I'm trying to scrape a website but need to use splash in all pages because their content created dynamically. right now it renders only the first page, but not the content page or the pagination pages.
here's the code:
import scrapy
from scrapy_splash import SplashRequest
import scrapy_splash
class ShutSpider(scrapy.Spider):
name = 'Shut'
def start_requests(self):
yield SplashRequest(url='ROOTURL',callback=self.parse)

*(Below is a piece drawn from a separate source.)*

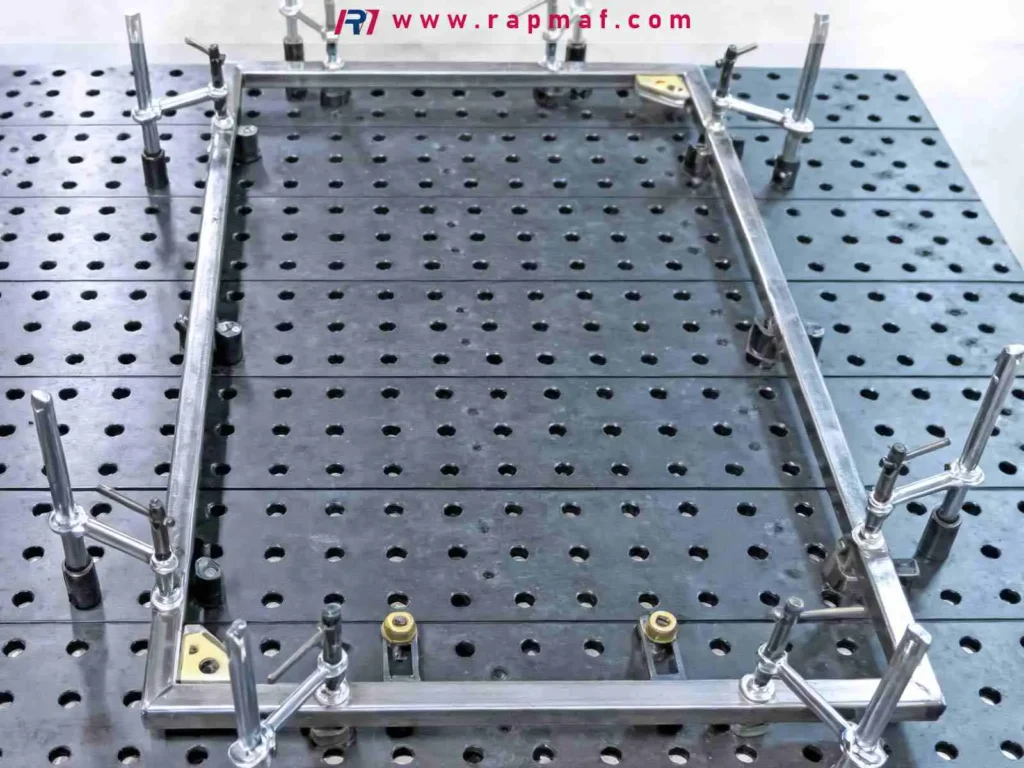 A custom metal frame securely held in a precision welding fixture on a modular jig table, ensuring dimensional accuracy for a complex assembly made from CNC machined components.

def parse(self, response):
# follow links to author pages
content=response.xpath('//*[@id="iconQuesBar"]/a[4]/@href').extract()
for href in content:
yield response.follow(href.replace('?id=', ''), self.parse_QNA)
if content == []:
return
# follow pagination links
for href in response.xpath('//*[@id="body-div"]/table/tbody/tr[2]/td[3]/center/form/span/a/@href').extract():
yield response.follow(href, self.parse)
def parse_QNA(self, response):
yield {
'url': response.url,
'title': response.xpath('//h1[@class = "head"]/text()').extract()
I've played with it in every way I could think off but it didn't work. the only solution I can think of right now is to send the links to the content pages and pagination using the render API but I think it's really bad coding and there has to be another way.
Thanks for you help.
Instead of response.follow()
, explicitely yield new SplashRequest
for subsequent pages. Also, you'll have to use response.urljoin()

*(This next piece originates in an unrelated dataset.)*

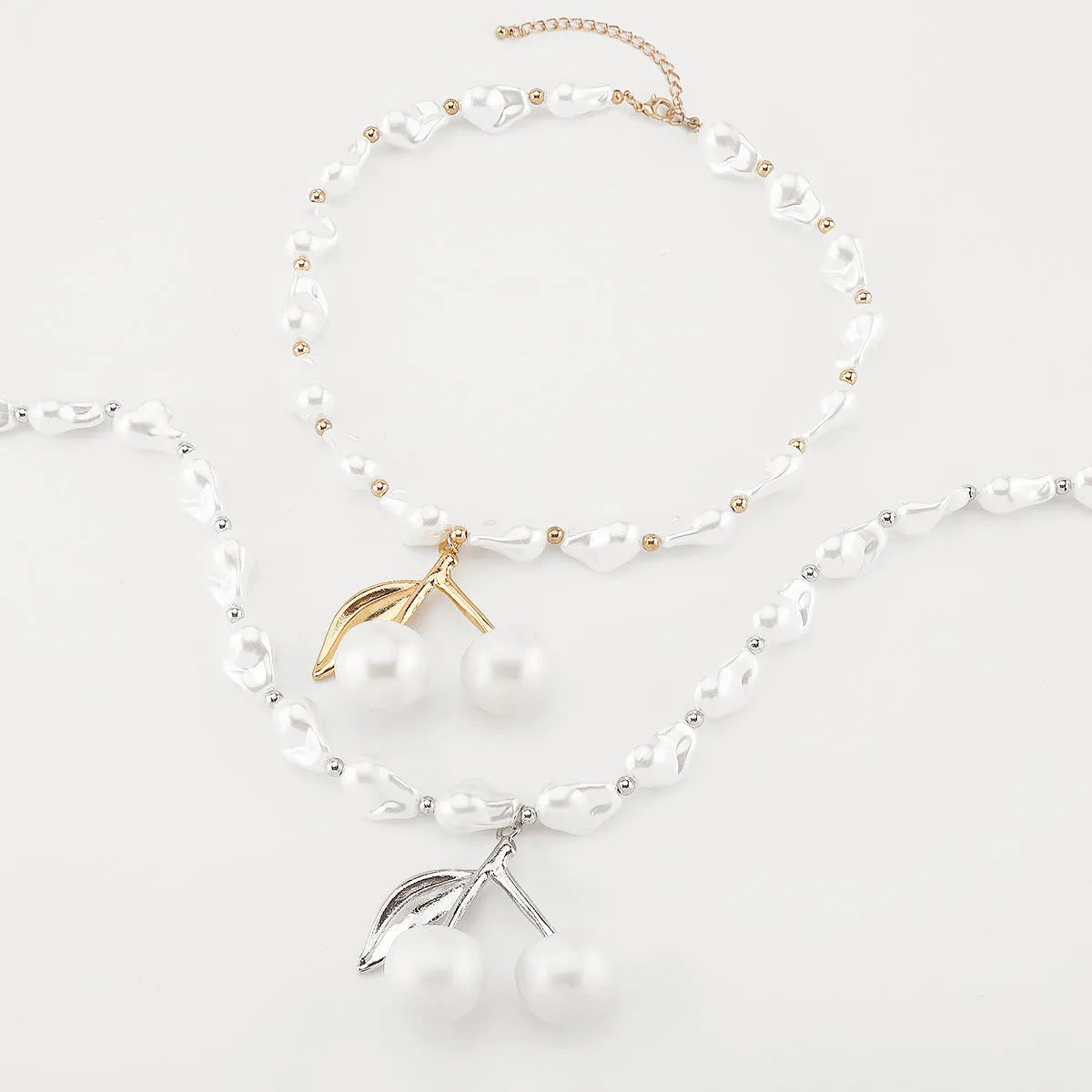 Gold irregular cherry fruit and pearl necklace on adjustable chain against white background.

in this case. Here's modified code:
import scrapy
from scrapy_splash import SplashRequest
import scrapy_splash
class ShutSpider(scrapy.Spider):
name = 'Shut'
def start_requests(self):
yield SplashRequest(url='ROOTURL',callback=self.parse)
def parse(self, response):
# follow links to author pages
content = response.xpath('//*[@id="iconQuesBar"]/a[4]/@href').extract()
for href in content:
yield SplashRequest(response.urljoin(href.replace('?id=', '')), self.parse_QNA)
if content == []:
return
# follow pagination links
for href in response.xpath('//*[@id="body-div"]/table/tbody/tr[2]/td[3]/center/form/span/a/@href').extract():
yield SplashRequest(response.urljoin(href), self.parse)
def parse_QNA(self, response):
yield {
'url': response.url,
'title': response.xpath('//h1[@class = "head"]/text()').extract()